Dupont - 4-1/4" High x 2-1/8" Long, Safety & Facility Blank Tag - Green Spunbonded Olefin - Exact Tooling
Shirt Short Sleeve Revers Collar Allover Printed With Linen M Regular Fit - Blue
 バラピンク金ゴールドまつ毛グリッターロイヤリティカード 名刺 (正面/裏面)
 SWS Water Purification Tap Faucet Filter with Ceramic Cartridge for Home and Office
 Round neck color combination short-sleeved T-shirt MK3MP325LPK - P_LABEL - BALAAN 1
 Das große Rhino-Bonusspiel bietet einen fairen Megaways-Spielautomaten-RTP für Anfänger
○ ○ ○
▸ TRY IT
Word for word, retype all of the material.

▸ ANSWER TO THIS TASK
Dupont - 4-1/4" High x 2-1/8" Long, Safety & Facility Blank Tag - Green Spunbonded Olefin - Exact Tooling
Shirt Short Sleeve Revers Collar Allover Printed With Linen M Regular Fit - Blue
 バラピンク金ゴールドまつ毛グリッターロイヤリティカード 名刺 (正面/裏面)
 SWS Water Purification Tap Faucet Filter with Ceramic Cartridge for Home and Office
 Round neck color combination short-sleeved T-shirt MK3MP325LPK - P_LABEL - BALAAN 1
 Das große Rhino-Bonusspiel bietet einen fairen Megaways-Spielautomaten-RTP für Anfänger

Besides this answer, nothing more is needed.